▸ Activity: From the line containing "3D Roaring Gorilla" to the last line of the listing, transcribe exactly and add nothing else; keep both ends and omit pictures.

▸ Records provided:

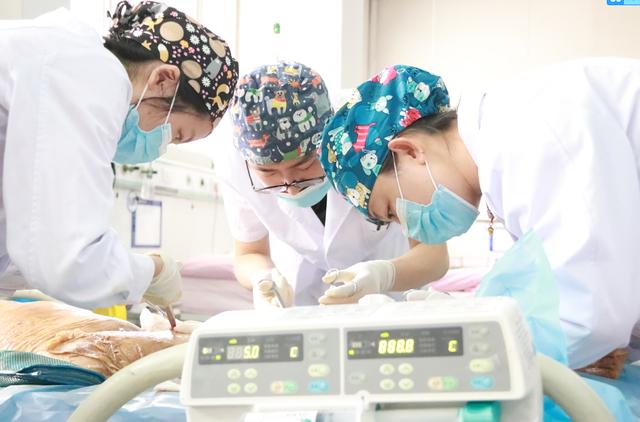 从向外跑到就近看区医院人才战略引领烧伤创疡科登上国际舞台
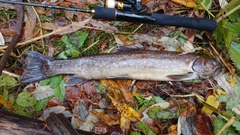 アメマスの釣果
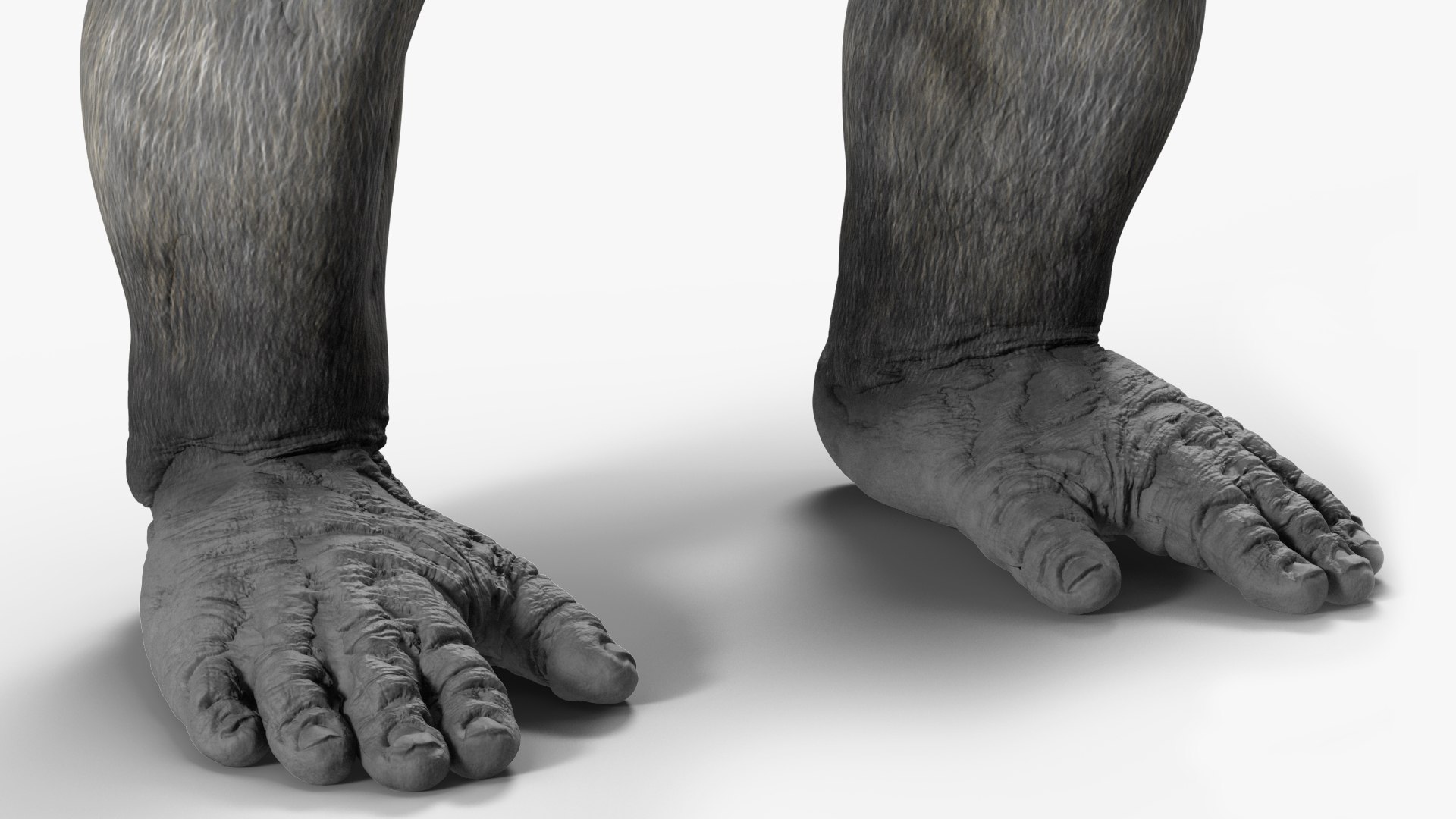 3D Roaring Gorilla Animated Rigged - TurboSquid 2295576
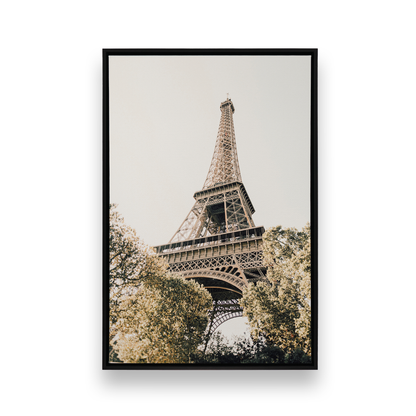 [Color:Satin Black], Front image of the art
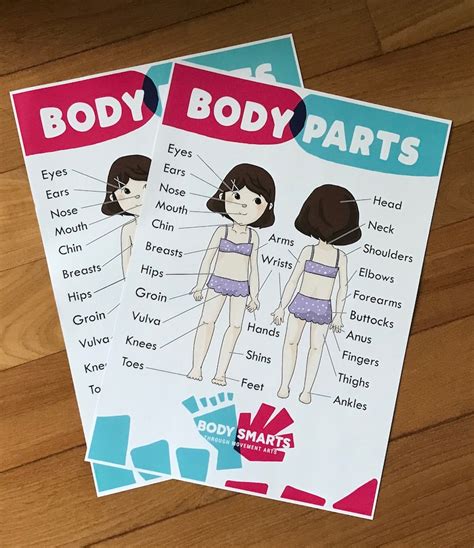 Body Parts Anatomy Sex Ed Private Parts Poster Etsy Uk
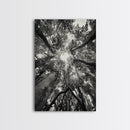 Tree Canopy, Forest Light, Upward View, Canvas Print, Woodland Wall Art, Living Room Decor, Nature Perspective Photography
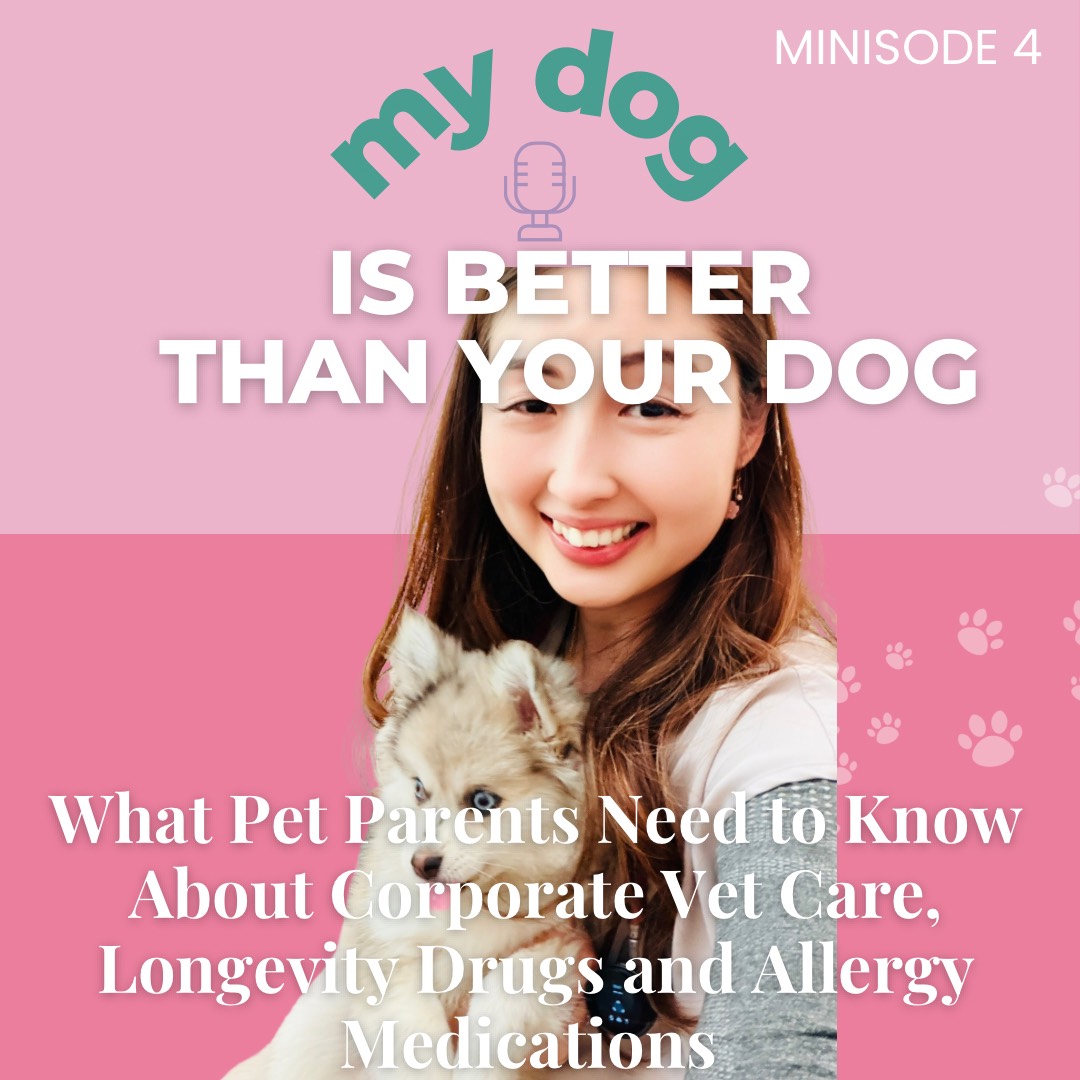 My Dog is Better Than Your Dog Episode 93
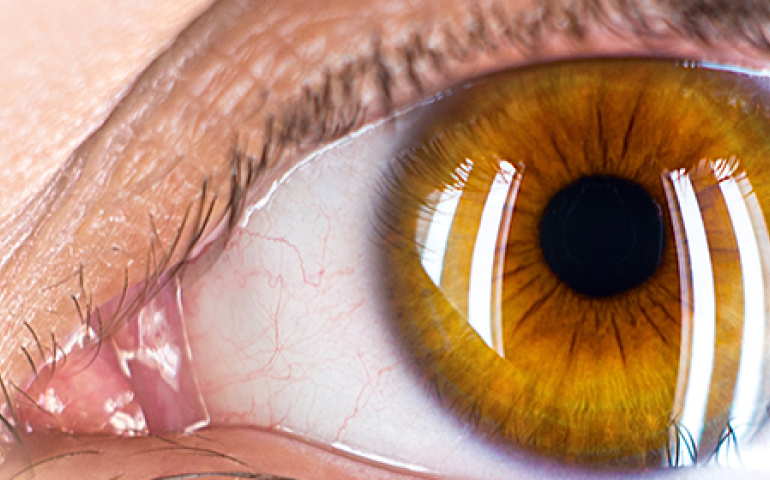 Close up photo of a brown eye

▸ Completed task:
 3D Roaring Gorilla Animated Rigged - TurboSquid 2295576
 [Color:Satin Black], Front image of the art
 Body Parts Anatomy Sex Ed Private Parts Poster Etsy Uk
 Tree Canopy, Forest Light, Upward View, Canvas Print, Woodland Wall Art, Living Room Decor, Nature Perspective Photography
 My Dog is Better Than Your Dog Episode 93
 Close up photo of a brown eye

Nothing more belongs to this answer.